Which lines run from the one containing "1194 Farrington Street Saint Paul MN 55117" through the end of the data? Write them out exactly, with the pictures left out.

-- THE DATA follows --

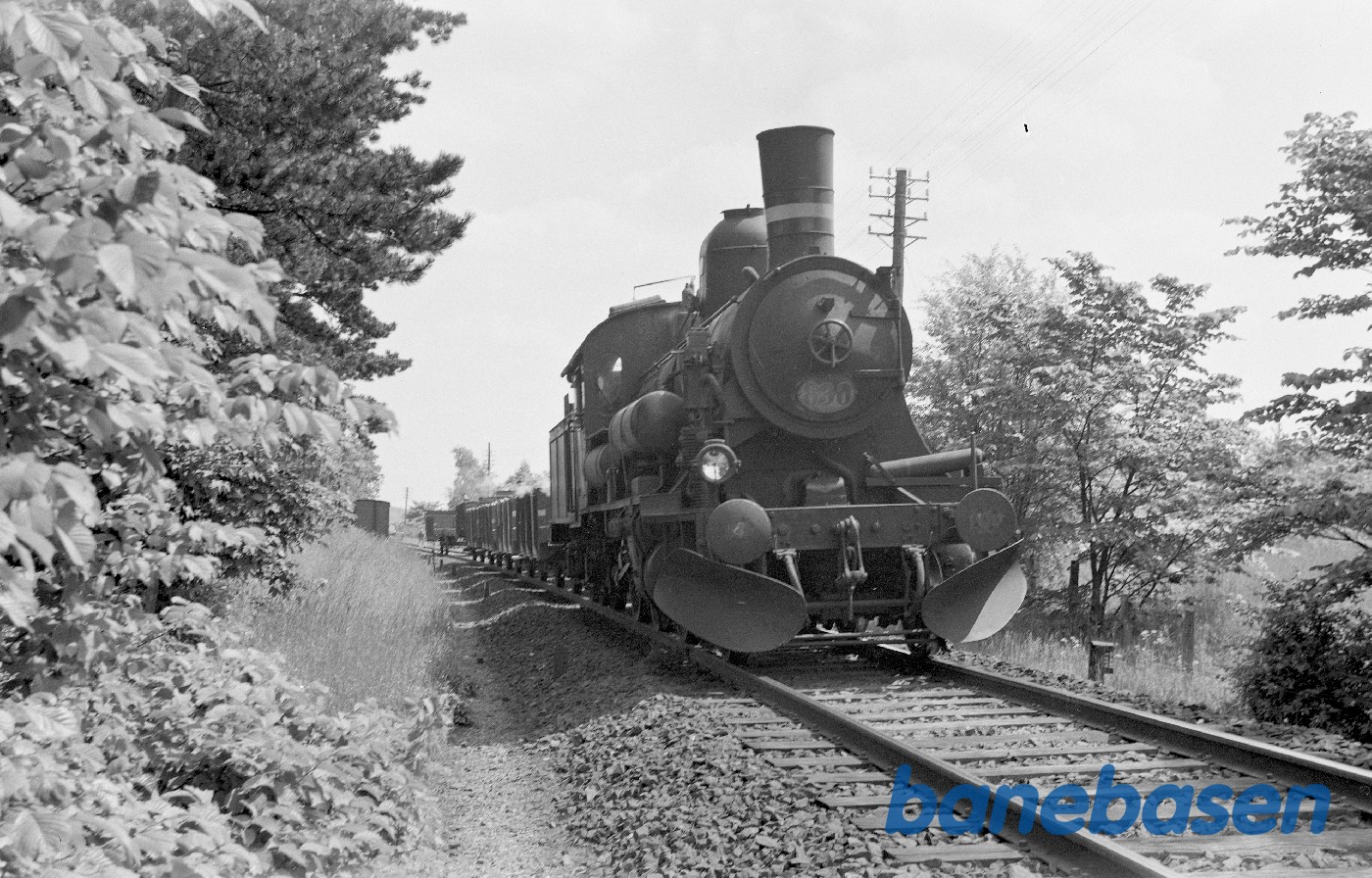Damplokomotiv D 830 med godstog rangerer ved Avnsøgård sidespor Damplokomotiv D 830 med godstog rangerer ved Avnsøgård sidespor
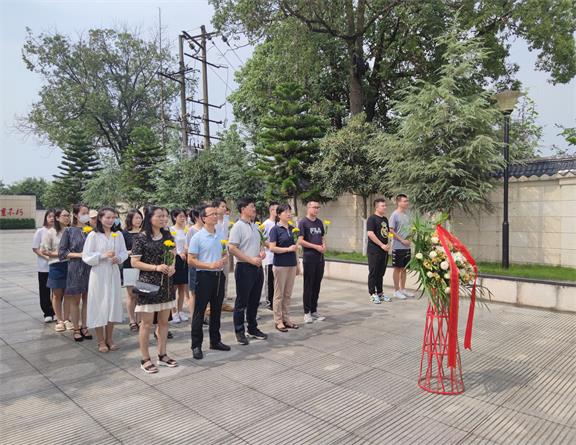 咨询ag手机官方官网赴院山坡烈士陵园党性党风党纪教育基地开展党风廉洁教育活动2.jpg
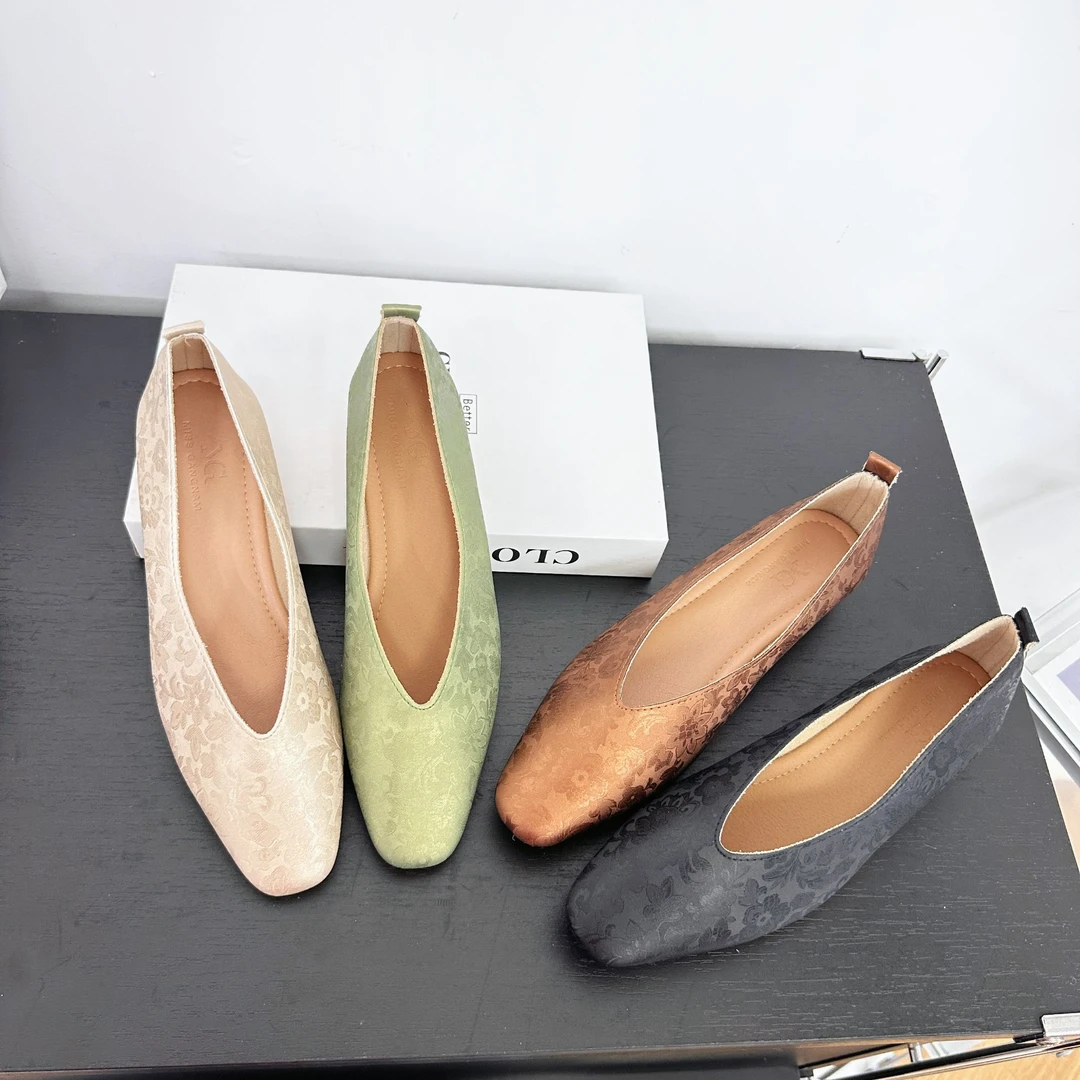 新中式气质方头平底软底浅口单鞋女士软皮V888/AL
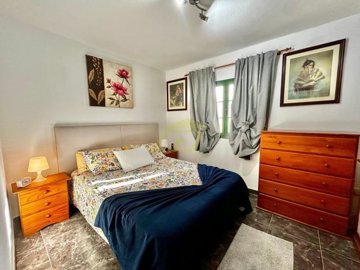 Detached house just a stone’s throw from the sea and natural pools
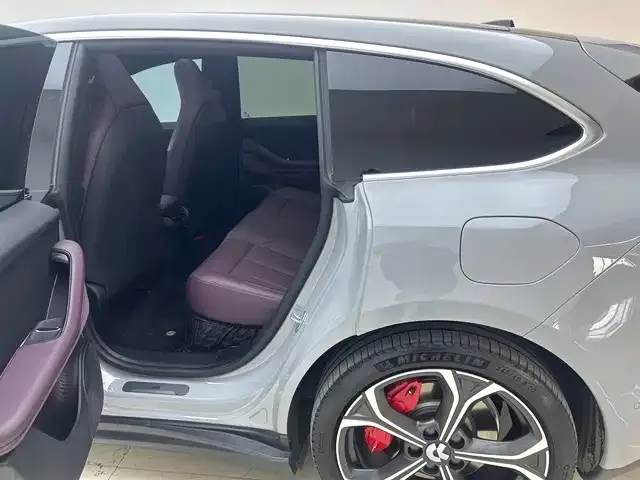 Nio ET5 Touring — Фото автомобиля 11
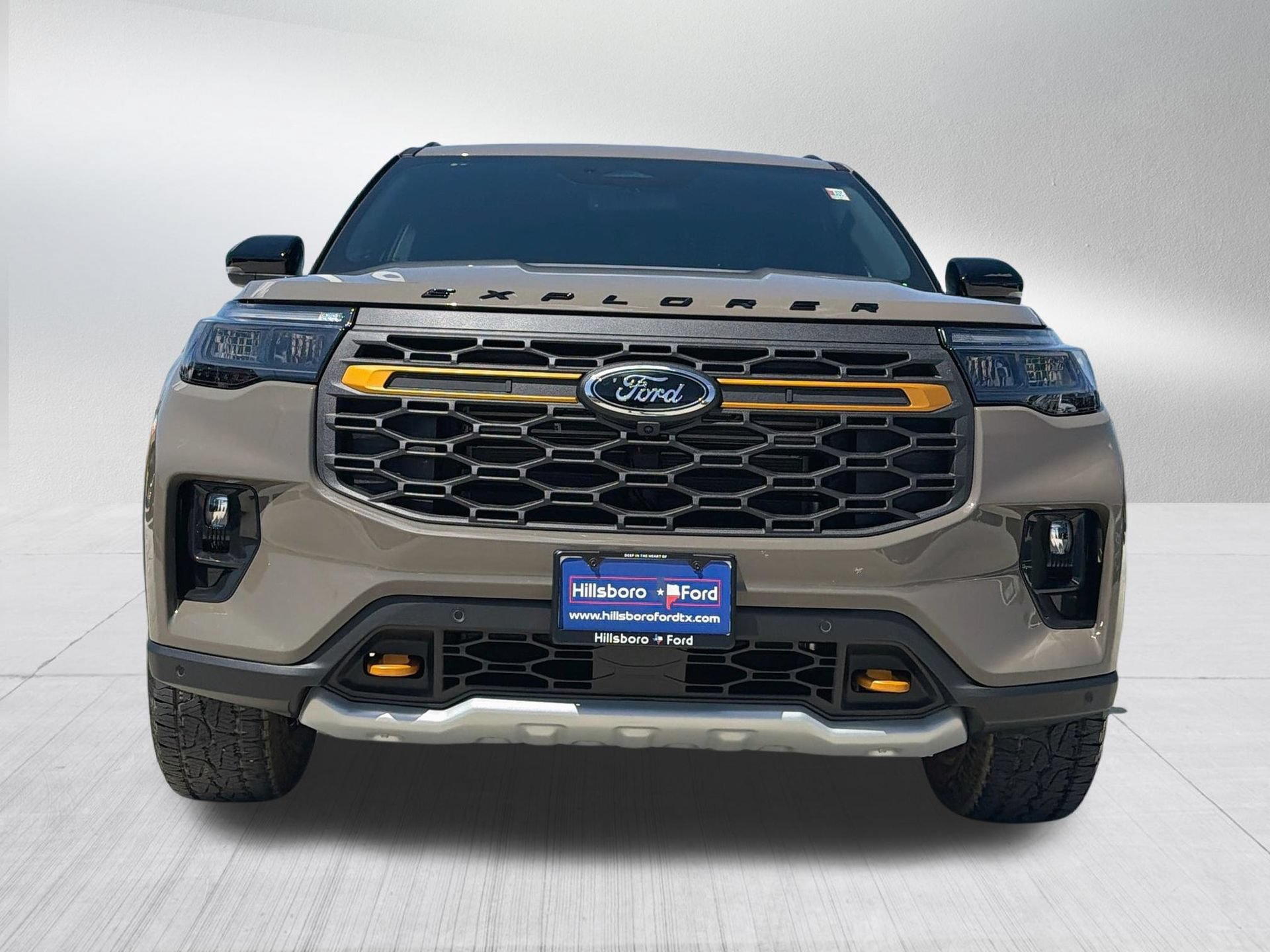 Used 2026 Ford Explorer Tremor w/ Tremor Ultimate Package AWD/4WD image 2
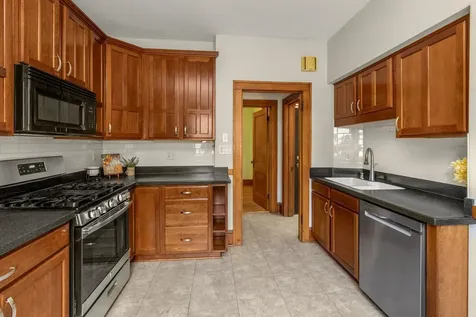 1194 Farrington Street Saint Paul MN 55117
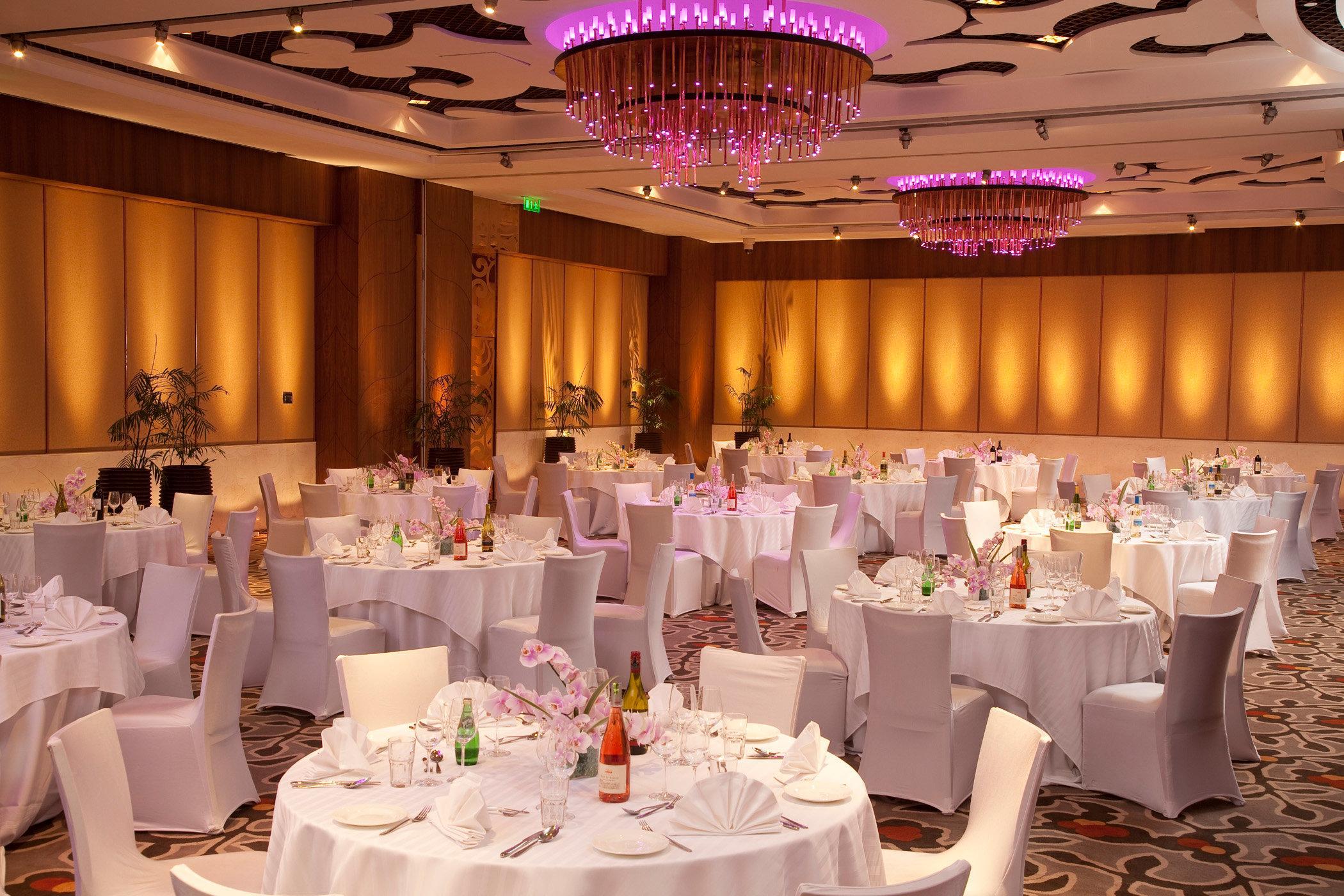 Отель Crowne Plaza New Delhi Okhla By Ihg Ресторан фото The ballroom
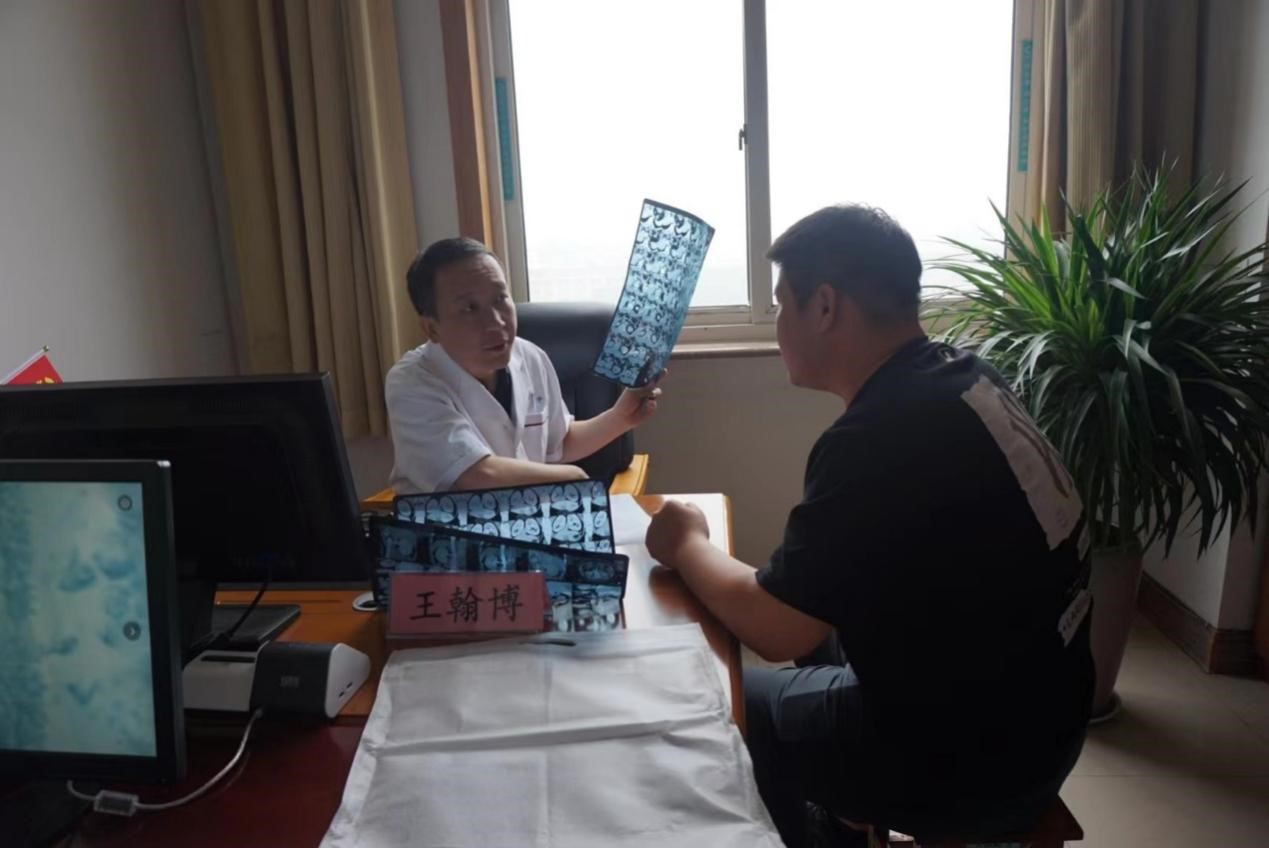 山东省医学会继发性高血压多学科联合委员会在日照举办科普义诊活动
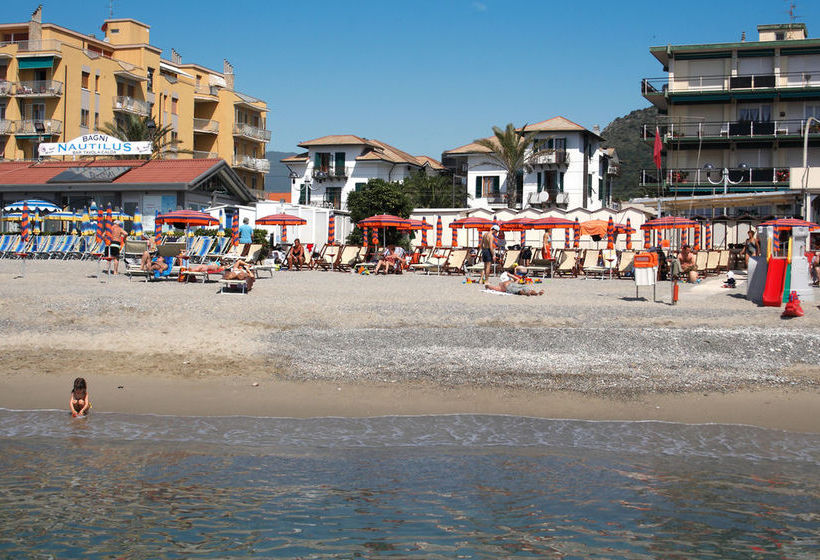 Hotel Residence Rta Cristal  | Pietra Ligure | Savona | Italia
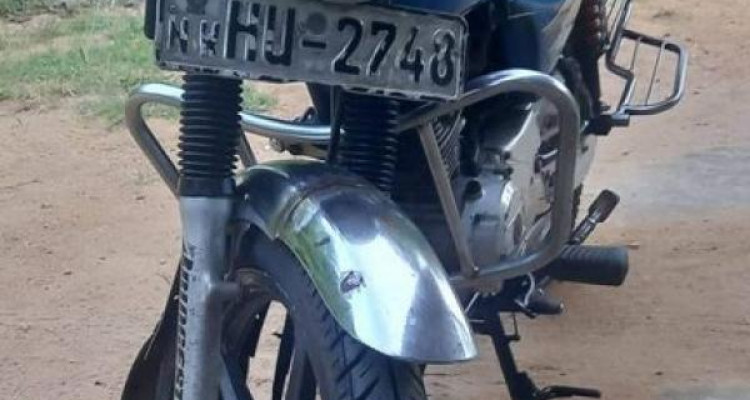 BAJAJ BOXER 2004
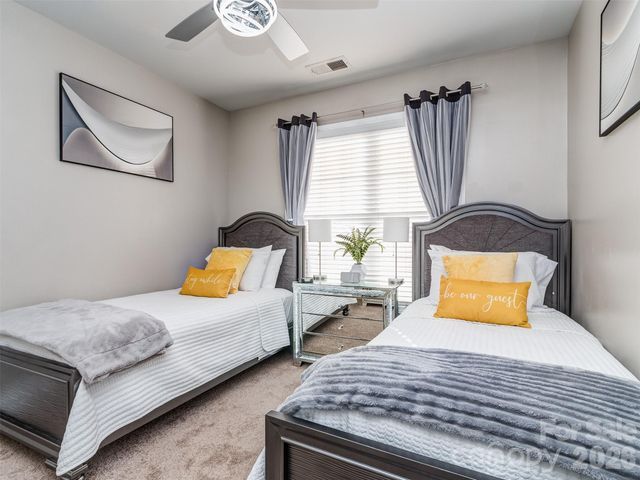 2074 Ayrsley Town Boulevard, Charlotte, NC 28273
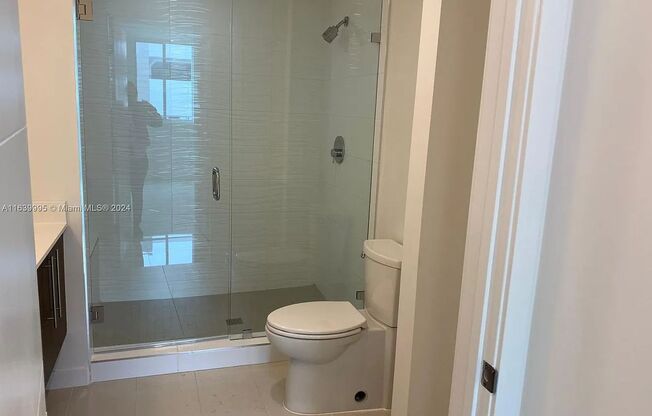 2 beds, 2 baths, $2,900, Unit 1-405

-- THE DATA concluded --

EXERCISE OUTPUT:
 1194 Farrington Street Saint Paul MN 55117
 Отель Crowne Plaza New Delhi Okhla By Ihg Ресторан фото The ballroom
 山东省医学会继发性高血压多学科联合委员会在日照举办科普义诊活动
 Hotel Residence Rta Cristal  | Pietra Ligure | Savona | Italia
 BAJAJ BOXER 2004
 2074 Ayrsley Town Boulevard, Charlotte, NC 28273
 2 beds, 2 baths, $2,900, Unit 1-405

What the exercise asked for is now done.